The conduct would also violate the Georgia Computer Systems Protection Act (Ga. Code 16-9-90 et seq), a state law that is parallel to the federal law. Section 93 defines a "computer theft" as using a computer or network with knowledge that such use is without authority and with the intention of (1) Taking property of another (and it need not involve depriving the owner of possession or (2) Obtaining property by any deceitful means or artful practice.
It also defines other possible violations, such as Computer Password Disclosure. A person who discloses a password, knowing that such disclosure is without authority and which results in damages (including the fair market value of any services used and victim expenditure) over $500.00 commits the crime of computer password disclosure.

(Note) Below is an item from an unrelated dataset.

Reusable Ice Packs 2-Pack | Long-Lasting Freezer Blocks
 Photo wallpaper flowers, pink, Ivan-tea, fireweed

Georgia law also makes the theft of trade secrets a crime. (Such a theft could occur via computer fraud, so both the fraud and the trade secret theft would be violations). While "trade secrets" is legally defined, so that not all "confidential information" is a trade secret, there is certainly a strong possibility that trade secrets may have been stolen.

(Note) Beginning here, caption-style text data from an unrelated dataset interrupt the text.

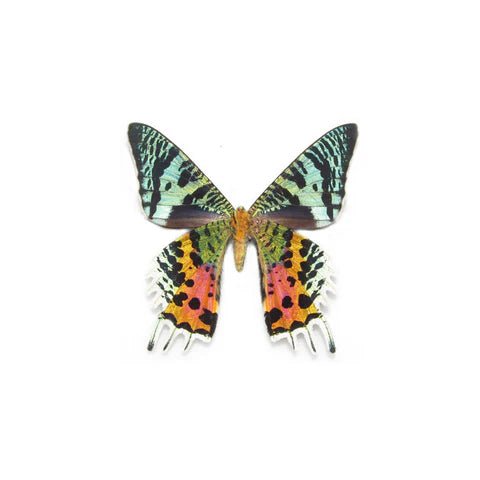 147 - 06 Single Real Wing Display - Monarca Jewelry & Decor - Painted Door on Main
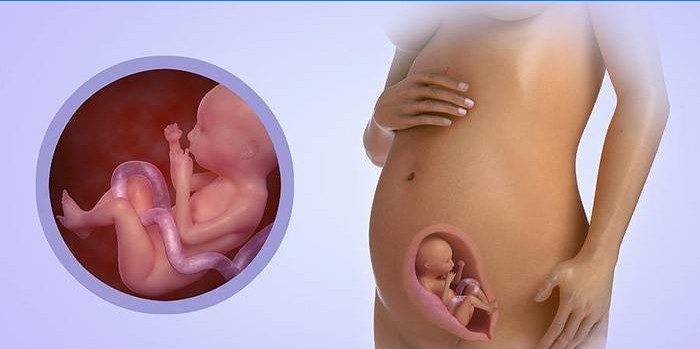 Vývoj plodu v šestém měsíci těhotenství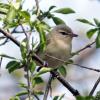 Warbling Vireo photo by Irene Colling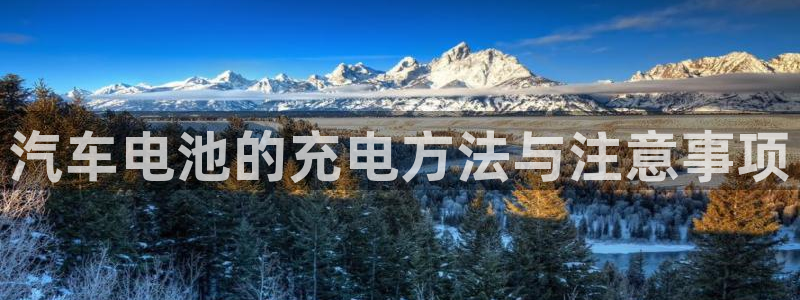 优发国际手机版下载安装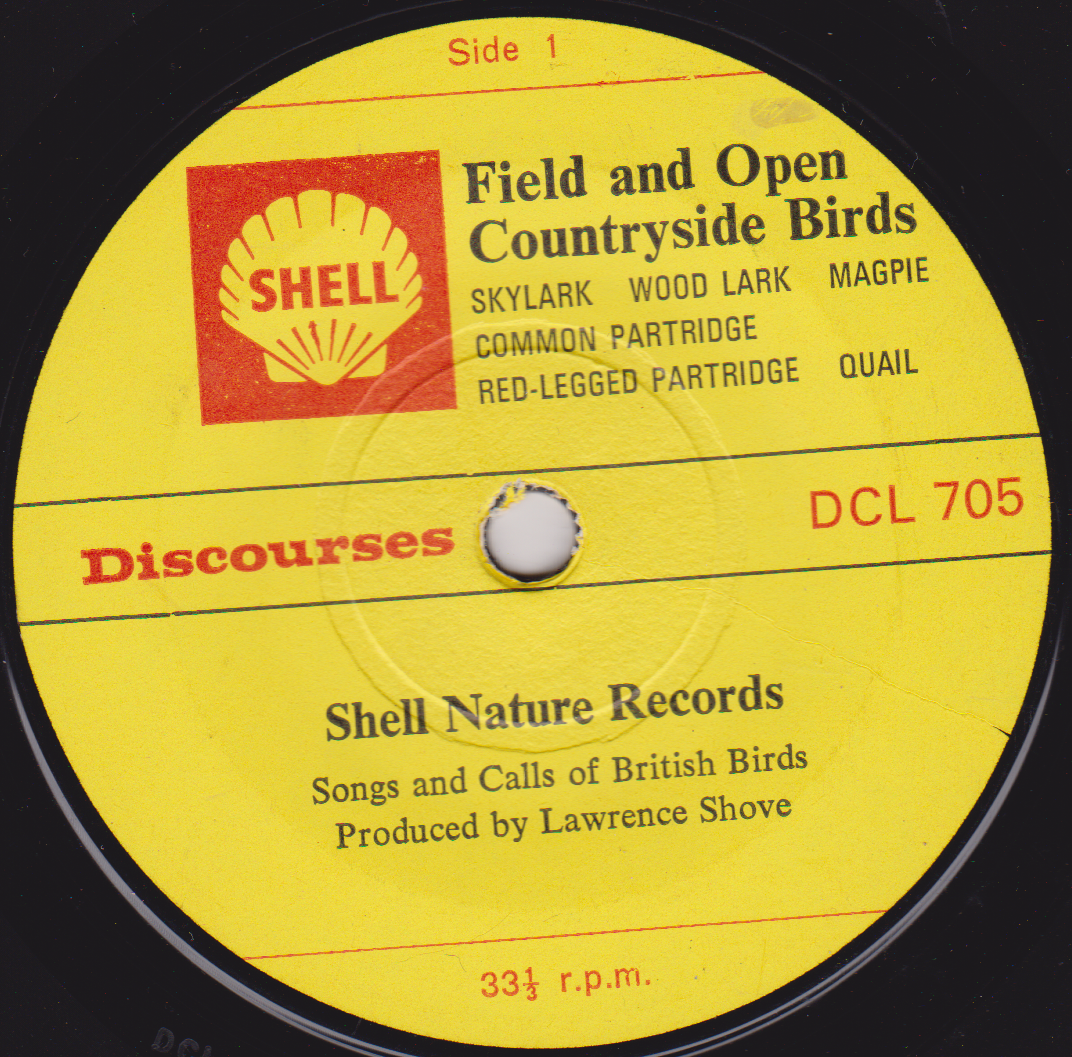 Lawrence Shove – Field And Open Countryside Birds (Shell 1967) 7" vinyl EP VG/-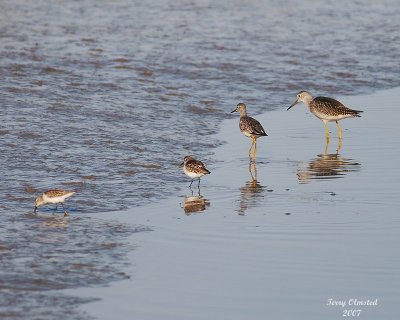 8-13-07 greater and lesser yellowlegs, sanderlings 0519.jpg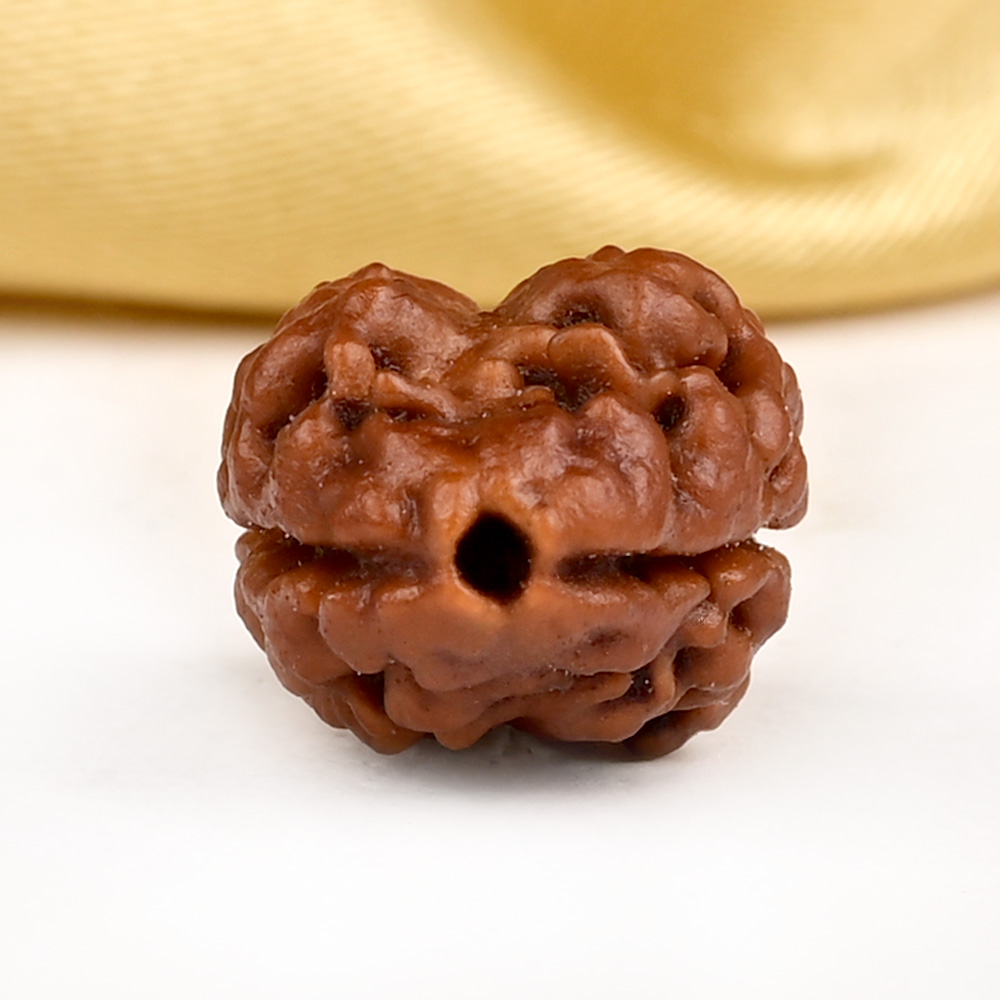 Rare 2 Mukhi Nepali Large - CXVIII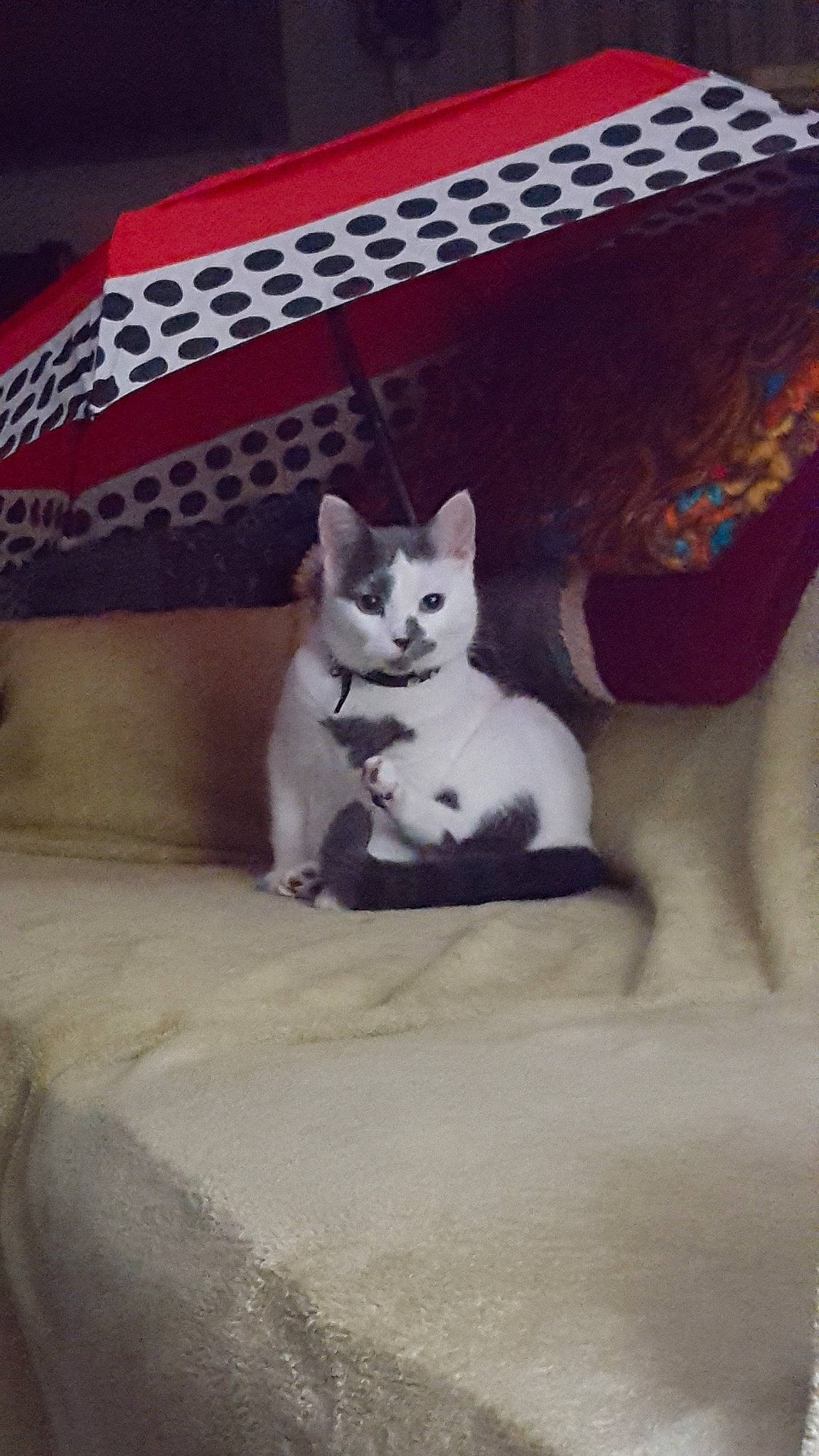 June Bug is registered to the contest to win money with this photo: canidae, carnivore, cat, felidae, khao_manee, kitten, mammal, small_to_medium_sized_cats, tail, turkish_angora, whiskers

2. How serious are these violations?
Very. The Congress has increased the penalties for violation of the federal CFAA to ten (10) years incarceration maximum. Criminal penalties for violation of the state CSPA include fines of up to $50,000 and incarceration of up to 15 years.
3. What do I need to legally go after them?
Two things, mainly: (a) Evidence and (b) a lawyer. You have made a good start in collecting evidence. You can improve on this by starting a journal, reciting, by date and (if possible) time of relevant events. You want to include names and addresses of likely violators as well. The questions you want to answer include, but aren't limited to: When did you discover this? How? What email accounts were hacked? When? What information was taken (if you can tell)? What information is available to be taken? What is the value of this information to the company?
Please don't, however, go around sharing the information with other than the FBI, GBI or your counsel. That could create liability against you.
As far as "going after them" you need to recognize that you will have both civil and criminal remedies. Remember, you aren't the master of the criminal remedy: that is for the District Attorney. You can file a civil suit, however. In some cases you might want to send a letter to the violators before filing a lawsuit; this decision should be reached with an attorney.